Orestes is fighting with his newly forged sword, his curls bouncing on his sweaty forehead. In front of him, Aegisthus is using two daggers, and there is blood running down his face. He is moving like a wolf, his blades hitting her son’s sword like lashes.
“Look who’s here,” Orestes says, amused, seeing Clytemnestra out of the corner of his eyes. “Do you wish to join us, Mother?”
Aegisthus looks in her direction, and her son’s blade cuts him again on the temple. He doesn’t complain, but Clytemnestra sees the fire in his eyes, the fury. He would cut Orestes’s throat if she weren’t here. He leaps toward her son, slashing at his head. Orestes ducks under his blade and moves aside. When he stabs at him, Aegisthus bends and throws himself forward, dragging Orestes down with him. Their blades keep clashing on the sand, and when Aegisthus hits Orestes in the throat, he gives a choked laugh. Aegisthus moves back, his blades held forward as a warning.
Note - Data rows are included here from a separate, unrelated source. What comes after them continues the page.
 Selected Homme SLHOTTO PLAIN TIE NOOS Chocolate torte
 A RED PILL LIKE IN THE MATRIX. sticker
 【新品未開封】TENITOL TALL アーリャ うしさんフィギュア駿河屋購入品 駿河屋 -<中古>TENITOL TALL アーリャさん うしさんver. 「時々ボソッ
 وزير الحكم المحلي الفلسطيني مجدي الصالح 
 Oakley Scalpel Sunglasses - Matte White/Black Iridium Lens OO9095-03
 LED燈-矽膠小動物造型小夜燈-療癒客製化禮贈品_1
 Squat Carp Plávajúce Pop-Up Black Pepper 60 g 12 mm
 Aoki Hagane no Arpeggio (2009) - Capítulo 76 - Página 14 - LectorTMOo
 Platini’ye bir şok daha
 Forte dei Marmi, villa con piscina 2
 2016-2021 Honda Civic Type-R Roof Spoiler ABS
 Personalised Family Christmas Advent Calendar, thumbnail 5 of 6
Clytemnestra grabs a spear and throws it. It sinks into the ground between them, and the combatants turn to her. Orestes’s smile doesn’t fade, and she feels the need to slap him, to remind him that this is no game. The rage on Aegisthus’s face is gone, and in its place, fear. He’s afraid of her reaction.
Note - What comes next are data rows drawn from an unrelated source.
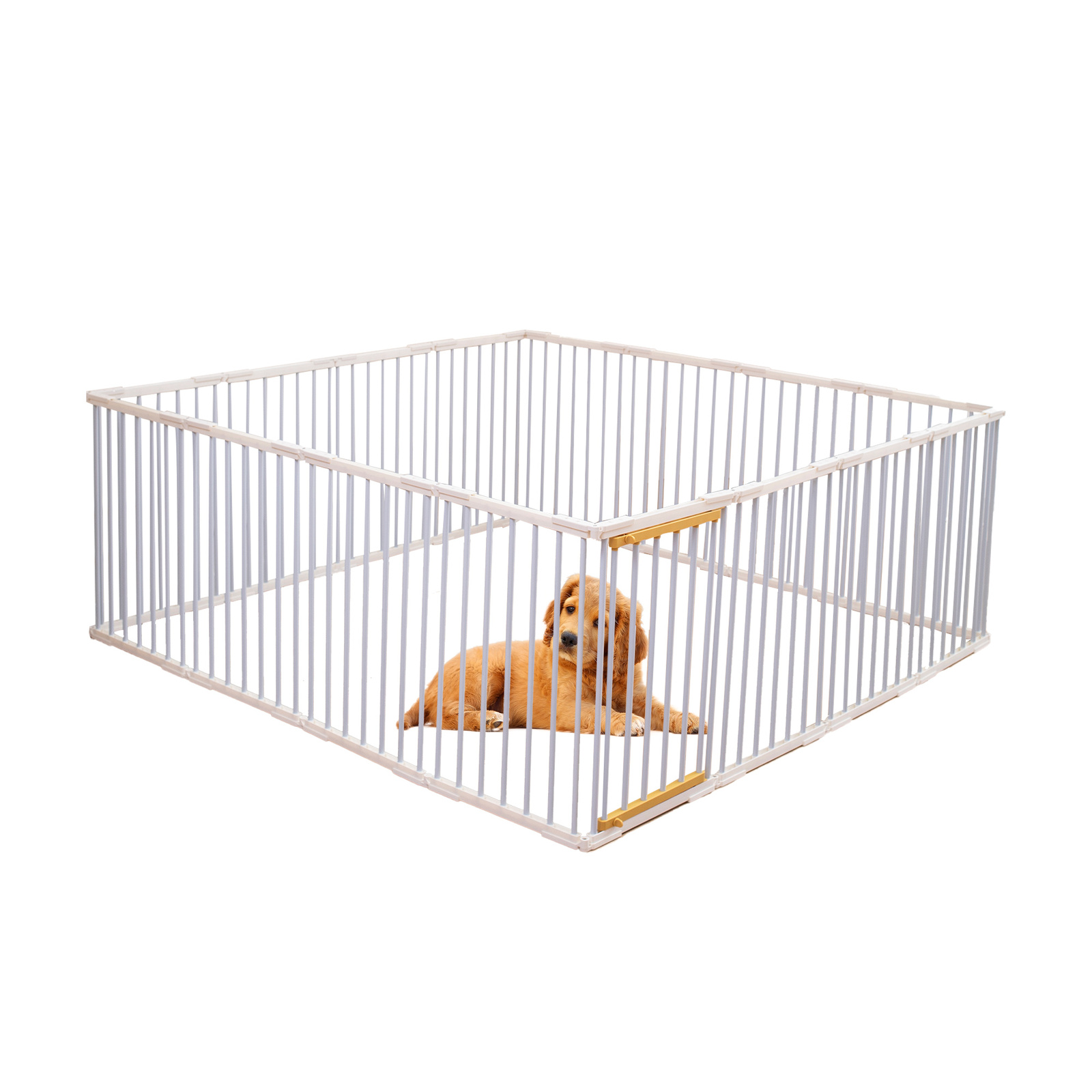 Portable Pet Dog Playpen Enclosure Cage 16 Panels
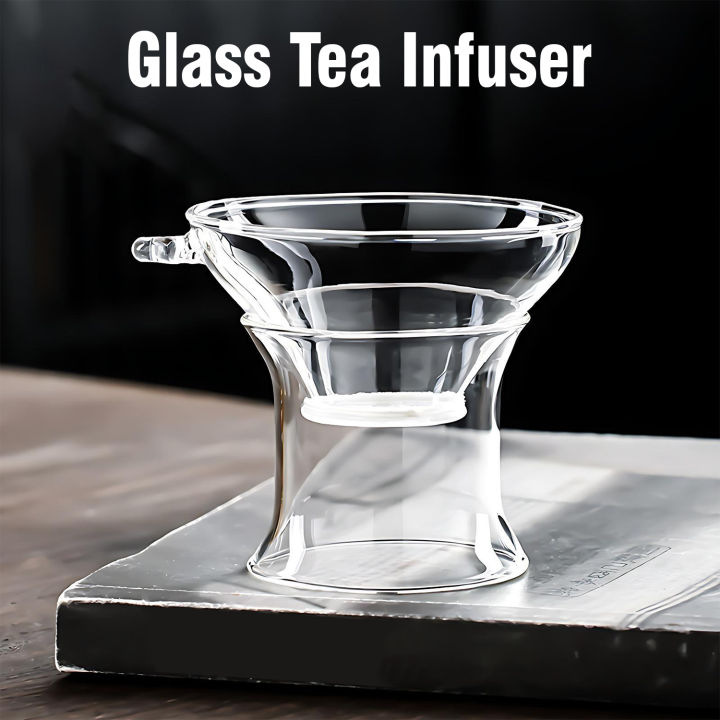 OANKR%20Glass%20Tea%20Strainer%20for%20Loose%20Tea-leaves,Tea%20Infuser%20Universal%20Steeper%20for%20Teapots,%20Mug,Travel%20Tumblersm,Kitchen%20Bar%20Tool%20-%20Image%204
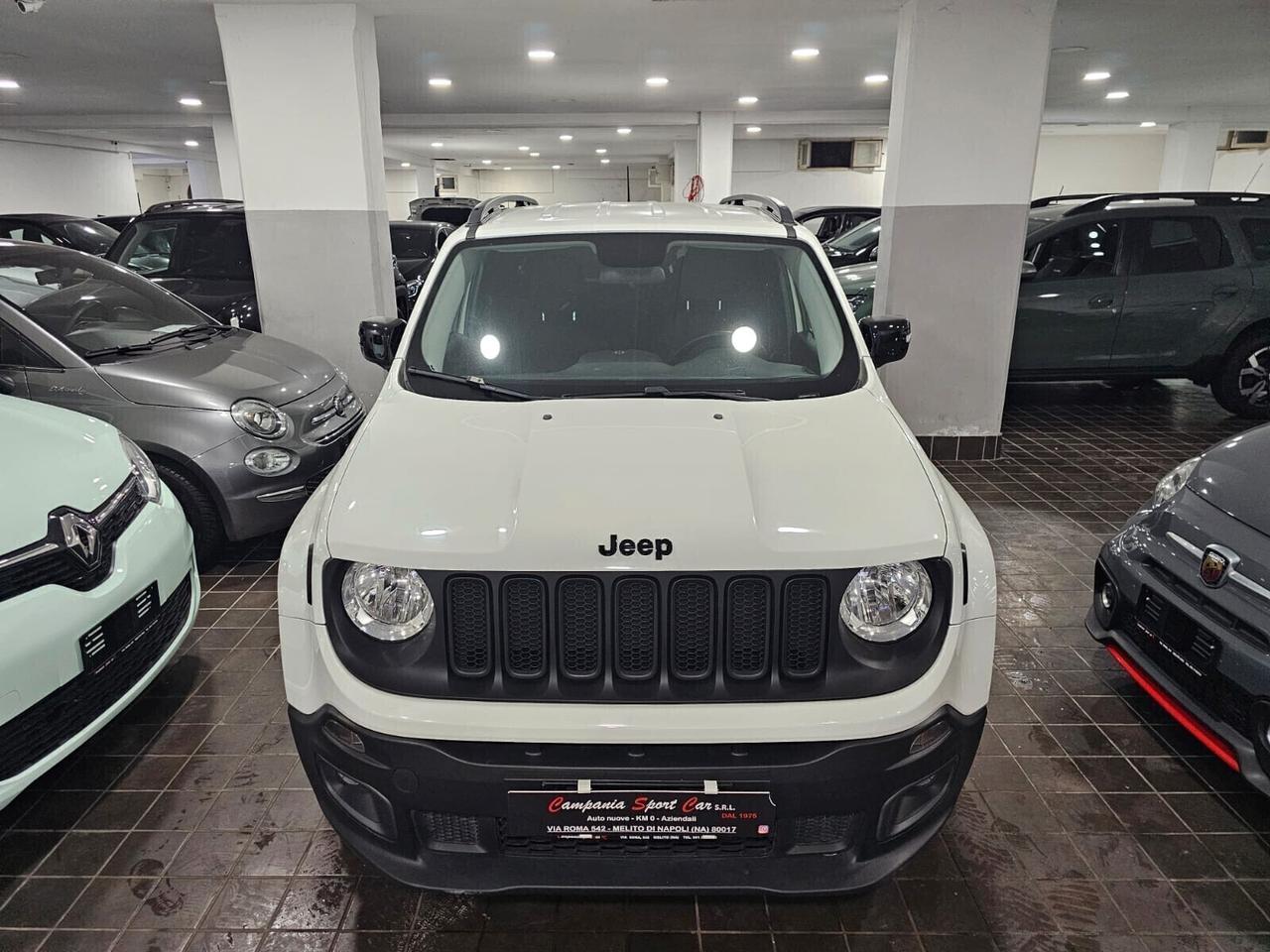 NUOVA JEEP RENEGADE NIGHT EAGLE 1.6 MJT 120CV DCT AUTOMATICA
“It is time for the boys to practice,” she says and walks away. The sky above her is empty, and she is reminded of when she ran on the sand to save her sister from Cynisca. An easier time, when friends and enemies were stark and clear and she thought she always knew what was right.
*
Aegisthus follows her inside the palace, a guilty dog desperate to earn back her love. When she turns to him under the torches near the dining hall, he stops abruptly, his muscles tense.
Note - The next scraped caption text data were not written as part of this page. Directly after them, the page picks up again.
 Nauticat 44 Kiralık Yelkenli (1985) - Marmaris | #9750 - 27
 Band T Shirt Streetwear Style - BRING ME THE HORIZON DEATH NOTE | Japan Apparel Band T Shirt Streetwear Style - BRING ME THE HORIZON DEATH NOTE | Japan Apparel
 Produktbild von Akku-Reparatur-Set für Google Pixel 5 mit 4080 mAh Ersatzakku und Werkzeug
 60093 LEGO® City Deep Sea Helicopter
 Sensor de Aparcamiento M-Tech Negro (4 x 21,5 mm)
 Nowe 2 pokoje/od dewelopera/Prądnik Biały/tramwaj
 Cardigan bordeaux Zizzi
“He attacked me,” he says, his mouth a thin line. His eyes are wild. She has never seen him so angry. “He would have killed me if I hadn’t fought back.”
How many times had he endured this while he was growing up, young men taunting him, forcing him to fight back? It must be exhausting.
“My son would never do such a thing,” she says, walking inside the hall. He follows close behind. She can feel the air around them thickening with his fury.
“He is jealous of our relation,” he blurts out. “He is poisoning everyone in the citadel against me!”
“You are bleeding,” she says.
He touches the trickle of blood that runs down his temple and wipes it away carelessly. “You must send him away,” he says. “Or it will be the end for me when Agamemnon comes.”
“I won’t.”
“So you would choose him instead of me?”
“He is my son. There is no choice to be made.”
His face turns cold, his eyes bitter. “But you must make a choice. What happens if Orestes stays here when your husband comes home?” Your husband. He must really be angry to refer to Agamemnon so. “What happens when you put a blade in his heart? A son must avenge his father. It is the law.”